FairyGen – An AI-powered animation and storytelling video generation framework, delivering consistent style and coherent narratives

What is FairyGen？

FairyGen is an animated story video generation framework developed by the Greater Bay Area University. It enables users to generate narrative-rich and stylistically consistent animated videos starting from a single hand-drawn character sketch. Powered by multimodal large language models (MLLMs) for story planning, FairyGen uses a style propagation adapter to apply the visual style of the character to the background, a 3D Agent to reconstruct the character and generate realistic motion sequences, and a two-stage motion adapter to enhance animation coherence and naturalness. FairyGen excels in style consistency, narrative fluency, and motion quality, opening up new possibilities for personalized animation creation.

Key Features of FairyGen

Animated Story Video Generation: Generates animated story videos with coherent narratives and consistent styles from a single hand-drawn character sketch.
Style Consistency: Uses a style propagation adapter to apply the hand-drawn character’s visual style to the background, ensuring a unified visual aesthetic.
Complex Motion Generation: Employs a 3D Agent to reconstruct characters and generate physically realistic motion sequences, supporting complex and natural movement.
Narrative Coherence: Leverages multimodal large language models (MLLMs) for story planning, generating structured storyboards to maintain logical narrative flow throughout the video.
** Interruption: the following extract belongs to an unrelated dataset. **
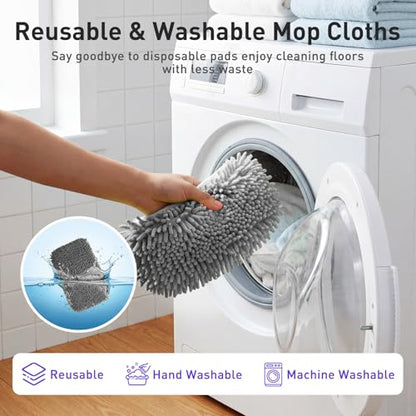 6 Pack Reusable Microfiber Mop Pads Compatible with Sweeper Mops, Replacement Mopping Pads Dry Sweeping Cloths, Washable Chenille Flat Mops Refills for Mopping Floor Cleaning (Mop is not Included) - color: Gray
Technical Principles of FairyGen

Story Planning: Utilizes MLLMs to generate structured storyboards from a single hand-drawn character sketch. This includes a global narrative outline and detailed shot-level storyboards, laying the foundation for storytelling.
Style Propagation: Learns the visual style of the hand-drawn character through a style propagation adapter and applies it to the background, ensuring visual harmony and enhancing stylistic consistency.
3D Motion Modeling: Uses a 3D Agent to reconstruct the character with techniques like skeletal binding and motion retargeting to produce physically plausible motion sequences, delivering natural and smooth animation.
Two-Stage Motion Adapter: Based on image-to-video diffusion models, this adapter is trained in two stages:
- Stage 1: Learns spatial features of the character while eliminating temporal bias.
- Stage 2: Applies a timestep-shifting strategy to model motion dynamics, ensuring motion continuity and realism.
Video Generation and Optimization: Integrates all components into a fine-tuned image-to-video diffusion model to render diverse and storyboard-aligned video scenes, resulting in complete animated story videos.

Project Links

Official Website: https://jayleejia.github.io/FairyGen/
GitHub Repository: https://github.com/GVCLab/FairyGen
arXiv Paper: https://arxiv.org/pdf/2506.21272

Use Cases of FairyGen

Education: Teachers can use FairyGen to transform students’ hand-drawn characters into animated stories, sparking creativity and enhancing writing skills.
Digital Art Creation: Artists can quickly convert sketches into animated videos, bringing ideas to life efficiently while saving time and cost.
Mental Health Therapy: Therapists can help patients express emotions and facilitate healing by turning hand-drawn characters into personalized animated stories.
Children’s Creative Development: Parents and children can co-create animations from children’s drawings, nurturing imagination and strengthening family bonds.
Advertising and Marketing: Marketers can create personalized animated ads using FairyGen to attract attention and enhance brand engagement.